2. The bank benefits due to a faster repayment after five years (through a sale or refinance), or allowing the loan to shift into a variable rate. The borrowers benefits from a five year fixed loan by getting a lower rate, which means a lower monthly payment. Real estate investors who are not planning to hold on to the property for longer than 5 years usually don’t mind the variable rate after 5 years, since they will either sell or refinance prior to the deadline.
3. Costs associated with a 5 year fixed loan are largely similar to loans with longer terms. Since the vast majority of 5 year fixed loans are given to commercial investors, not homebuyers – the differences to a standard 30-year home mortgage are substantial, but those are simply two different loans.
What are the risks behind a 5 year fixed loan?
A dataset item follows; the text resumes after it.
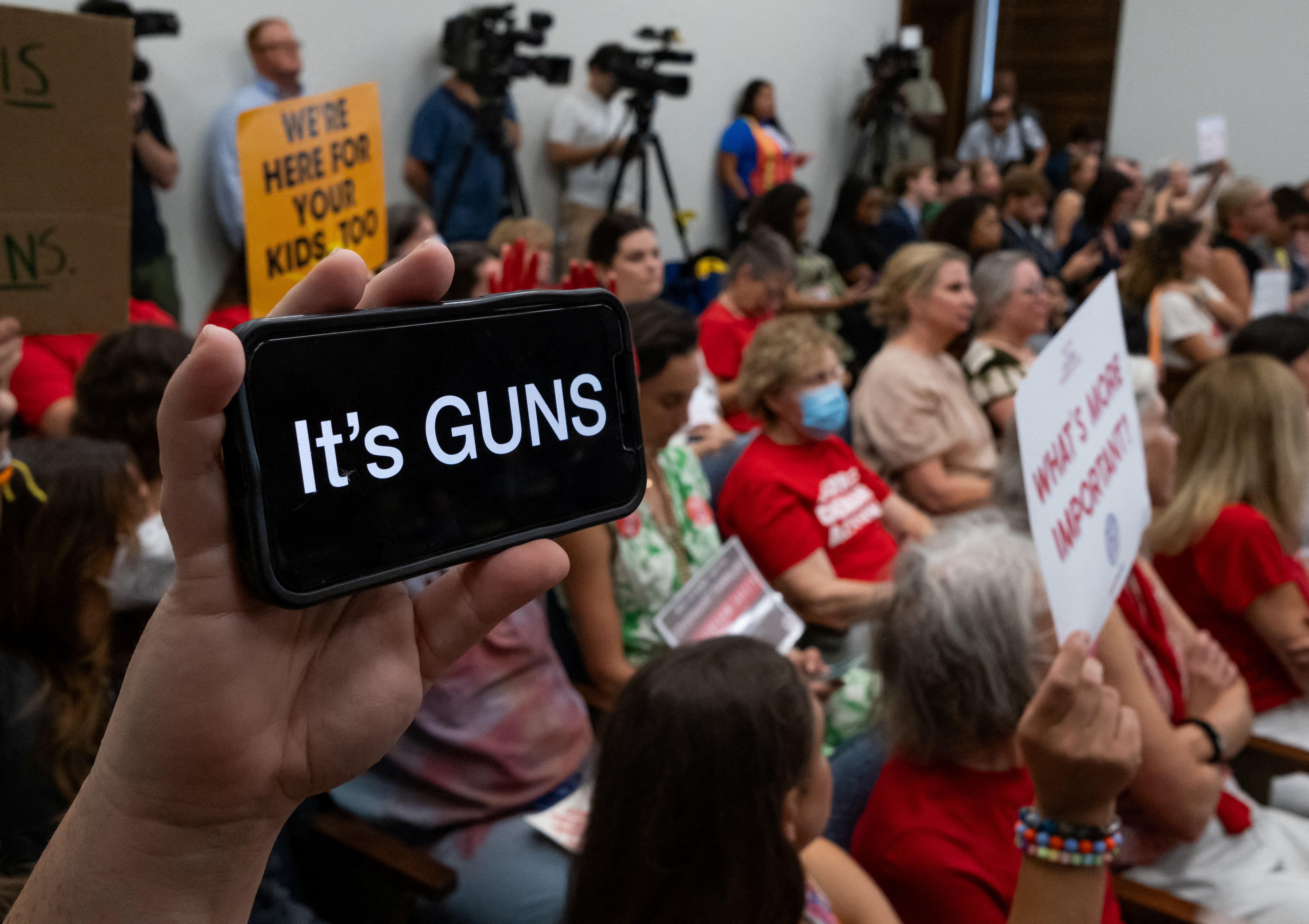 <p>A supporter of gun reform holds their  phone up during  special state legislative session on gun violence in Tennesseee in August. </p>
1. Higher risk – 5 year fixed loans are riskier, since the loan will shift to a variable rate after 5 years. It is not uncommon to see a jump of 2-3% points, even with traditional big banks. Most loan structures however, will provide that a rate adjustment can only happen a few times a year. 5-year fixed loans are not advisable to investors who are planning to own the property for more than 5-years and expect a rising interest rate environment like today
2. Stricter Underwriting – since a 5 year fixed loan is considered ‘risker’ than 10-year loans, banks will underwrite them using stricter standards. For example, a more conservative DCR will apply to give the bank more security for income/debt.
Who is it for?
1. Commercial real estate investors with a 2-5 year plan
2. Real estate investors who are planning to sell/flip the property before the term expires
3. Real estate investors who are purchasing a low-cap rate property and therefore need a lower monthly payment that a 5 year fix loan can provide with a lower rate. This is ideal for investors who want to reposition the property with a better tenant and refinance to a longer term loan later.